Mi lobo se eriza ante esta anomalía.
—¡Dispérsense!
—Mi orden envía a los equipos a ramificarse siguiendo cuadrículas de búsqueda predeterminadas, sus haces de luz cortando la niebla creciente.
—Malditos mocosos imprudentes.
—Mi mano enguantada deja marcadores fluorescentes en cada tercer tronco – rosa neón contra la corteza descascarillada, un rastro de migas de pan en este laberinto viviente.
Más adentro del bosque, el aire se vuelve tan espeso que podría beberse.
El lodo succiona mis botas de combate con cada paso, ralentizando nuestro avance hasta un frustrante arrastre.
La luz de la luna se filtra débilmente a través del denso dosel, pintando todo con enfermizos tonos plateados que juegan trucos a los ojos.
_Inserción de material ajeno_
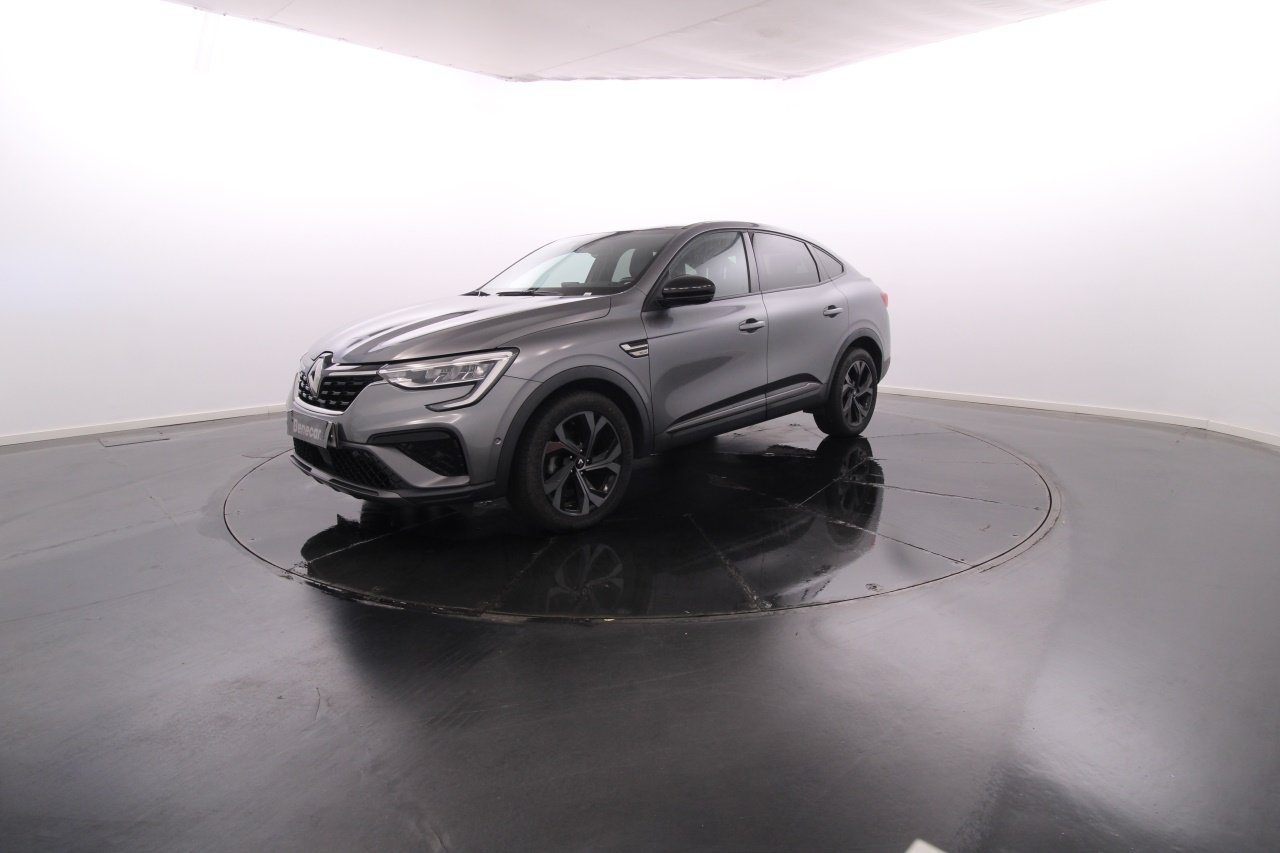 Renault Arkana Híbrido Gasolina 10 2023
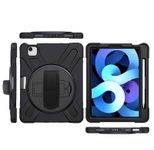 eSTUFF AUSTIN Defender Case für iPad Air 11" (2024 & 2025) - Black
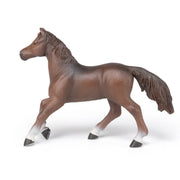 Paard Anglo - Arabier Merrie - Speelfiguren Papo - In den Olifant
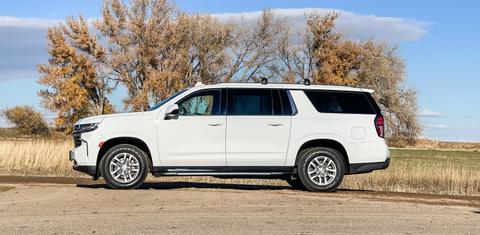 Chevrolet Suburban 2023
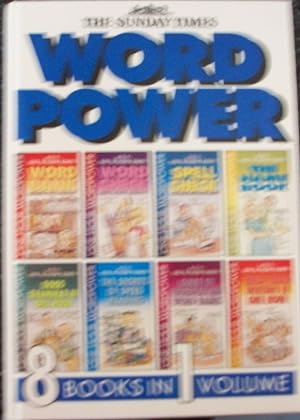 The Sunday Times Word Power 8 Books in 1 Volume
«¿Estarán siquiera vivos aquí fuera?»
Este pensamiento no invitado envía una punzada indeseada a través de mi pecho.
Si algo les ha sucedido…
Nasya nunca se recuperaría.
La forma en que mira a esos niños – con ese amor absoluto y aterrador – refleja cómo una vez miró a él.
Al hombre que se llevó todo lo que yo quería.
Estoy a punto de solicitar equipos adicionales cuando un sonido me congela a mitad del paso – un gemido ahogado, apenas audible sobre el coro nocturno del pantano.
Alguien que se esfuerza mucho por no ser escuchado.
Rastrear el ruido me lleva hasta un roble antiguo, sus raíces nudosas emergiendo del suelo como dedos esqueléticos.
Escaneando el área no revela nada en la maleza inmediata.
Ni pequeñas huellas en el barro, ni ropa desgarrada en las zarzas.
«¿Lo habré imaginado?»
Entonces la realización me golpea como un rayo.
Nasya puede ser humana, pero su padre tenía sangre de lobo.
Lo que significa…
Mi cabeza se levanta bruscamente.
Allí – posadas precariamente en una gruesa rama a veinte pies sobre el suelo – dos pequeñas figuras acurrucadas juntas.
Y un par de ojos inconfundiblemente lupinos brillan tenuemente verdes bajo la luz de la luna.